Today the Nonhuman Rights Project requested leave to file a reply to an amicus curiae (“friend of the court”) brief filed Nov. 29 by Richard L. Cupp, Jr. with the New York Supreme Court, Appellate Division, First Judicial Department in chimpanzee Tommy’s case.

Cupp “offers neither science nor law to support his positions” and reasons from a flawed understanding of the meaning of the social contract and how the common law evolves, the NhRP argues.

In his brief, Cupp, a law professor at Pepperdine University, maintains that the Court should deny the NhRP’s appeal because, unlike humans, nonhuman animals do not possess a “sufficient level of moral agency” to be considered legal persons under the social contract and the existing norms of a “human legal system.” Cupp opposes recognition of rights for any nonhuman animal, which he sees as a potential threat to vulnerable humans.

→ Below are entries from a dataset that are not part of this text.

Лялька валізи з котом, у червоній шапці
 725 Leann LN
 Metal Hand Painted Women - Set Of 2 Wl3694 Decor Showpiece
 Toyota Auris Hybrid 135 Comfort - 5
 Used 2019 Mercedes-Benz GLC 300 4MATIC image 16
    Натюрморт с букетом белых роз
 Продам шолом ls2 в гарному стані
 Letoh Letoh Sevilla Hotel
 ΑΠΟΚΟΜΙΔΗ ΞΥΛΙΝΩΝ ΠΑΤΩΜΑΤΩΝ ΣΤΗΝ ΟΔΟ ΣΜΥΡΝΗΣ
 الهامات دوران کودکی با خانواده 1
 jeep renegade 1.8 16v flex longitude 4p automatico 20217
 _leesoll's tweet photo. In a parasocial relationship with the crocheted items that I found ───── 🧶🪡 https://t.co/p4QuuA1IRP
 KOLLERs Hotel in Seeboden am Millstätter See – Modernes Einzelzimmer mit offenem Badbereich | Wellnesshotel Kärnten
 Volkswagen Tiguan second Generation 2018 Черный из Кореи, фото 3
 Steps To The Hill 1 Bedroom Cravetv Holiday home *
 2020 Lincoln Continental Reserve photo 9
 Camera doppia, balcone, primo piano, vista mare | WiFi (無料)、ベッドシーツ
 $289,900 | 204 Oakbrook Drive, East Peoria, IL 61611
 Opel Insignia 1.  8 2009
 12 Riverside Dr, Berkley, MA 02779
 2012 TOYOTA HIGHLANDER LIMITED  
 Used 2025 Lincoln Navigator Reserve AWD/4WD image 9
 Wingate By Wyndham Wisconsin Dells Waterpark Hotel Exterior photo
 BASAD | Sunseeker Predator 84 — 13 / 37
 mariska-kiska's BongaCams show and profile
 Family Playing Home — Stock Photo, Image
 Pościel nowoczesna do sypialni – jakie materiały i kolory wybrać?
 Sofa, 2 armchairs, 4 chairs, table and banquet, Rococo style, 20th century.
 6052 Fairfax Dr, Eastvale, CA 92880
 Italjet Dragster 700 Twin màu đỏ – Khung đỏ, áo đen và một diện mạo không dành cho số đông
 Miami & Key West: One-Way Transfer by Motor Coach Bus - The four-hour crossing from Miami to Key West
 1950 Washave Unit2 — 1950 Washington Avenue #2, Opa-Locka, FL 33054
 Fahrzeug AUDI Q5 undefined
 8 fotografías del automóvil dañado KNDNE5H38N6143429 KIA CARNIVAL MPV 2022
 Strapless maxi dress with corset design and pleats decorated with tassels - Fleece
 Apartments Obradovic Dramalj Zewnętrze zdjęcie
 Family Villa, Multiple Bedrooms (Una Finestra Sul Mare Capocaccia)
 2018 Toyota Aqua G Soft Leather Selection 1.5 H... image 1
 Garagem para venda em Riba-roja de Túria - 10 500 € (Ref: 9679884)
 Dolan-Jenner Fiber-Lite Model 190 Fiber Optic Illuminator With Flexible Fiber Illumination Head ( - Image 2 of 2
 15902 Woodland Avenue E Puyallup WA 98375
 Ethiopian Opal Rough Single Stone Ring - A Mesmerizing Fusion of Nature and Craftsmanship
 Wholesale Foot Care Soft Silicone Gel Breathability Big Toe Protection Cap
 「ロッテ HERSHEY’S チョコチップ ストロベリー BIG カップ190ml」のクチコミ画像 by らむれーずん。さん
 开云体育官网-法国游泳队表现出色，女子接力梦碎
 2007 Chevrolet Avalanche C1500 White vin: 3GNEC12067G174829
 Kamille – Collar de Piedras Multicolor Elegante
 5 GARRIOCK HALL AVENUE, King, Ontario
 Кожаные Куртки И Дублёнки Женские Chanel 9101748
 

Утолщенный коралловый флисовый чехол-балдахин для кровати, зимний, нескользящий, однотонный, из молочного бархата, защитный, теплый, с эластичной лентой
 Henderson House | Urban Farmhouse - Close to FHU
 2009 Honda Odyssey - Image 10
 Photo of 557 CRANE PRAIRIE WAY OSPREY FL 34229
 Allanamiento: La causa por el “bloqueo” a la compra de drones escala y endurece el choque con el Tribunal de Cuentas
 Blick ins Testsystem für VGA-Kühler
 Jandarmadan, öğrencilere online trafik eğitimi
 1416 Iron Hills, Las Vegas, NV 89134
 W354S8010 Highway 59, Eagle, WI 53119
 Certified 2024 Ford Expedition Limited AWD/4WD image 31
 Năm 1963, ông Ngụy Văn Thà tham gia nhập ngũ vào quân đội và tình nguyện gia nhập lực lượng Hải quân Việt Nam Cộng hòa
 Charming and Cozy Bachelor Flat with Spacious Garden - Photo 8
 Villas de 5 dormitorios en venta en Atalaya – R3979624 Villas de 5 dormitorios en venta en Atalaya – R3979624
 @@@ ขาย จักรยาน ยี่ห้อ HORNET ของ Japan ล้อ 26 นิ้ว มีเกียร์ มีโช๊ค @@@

Far from being a threat to humans, recognition of Tommy’s legal personhood and fundamental right to bodily liberty only strengthens human rights, the NhRP asserts:

Professor Cupp has it exactly backwards when he argues that granting Tommy the basic common law right to bodily liberty would somehow threaten the rights of vulnerable human beings. It is Professor Cupp’s position, not the NhRP’s, that poses a threat not just to the most vulnerable human beings, but to all rightsholders, for arbitrarily denying personhood to any being undermines every rational claim of every human to personhood and fundamental rights.

The NhRP cites specific rulings, including a ruling by the US Supreme Court, to emphasize that the social contract does not require individual “participation” of the sort used to deny Tommy his personhood—the determination of which is a matter of public policy, not personal philosophy.

The Court granted Cupp’s motion to file his amicus curiae brief on Dec. 22 and moved Tommy’s hearing from the January term to the same day in the February term as Kiko’s hearing (as yet unscheduled).

The NhRP expects the Court to act on its motion for leave to file a reply to Cupp’s brief in the coming weeks.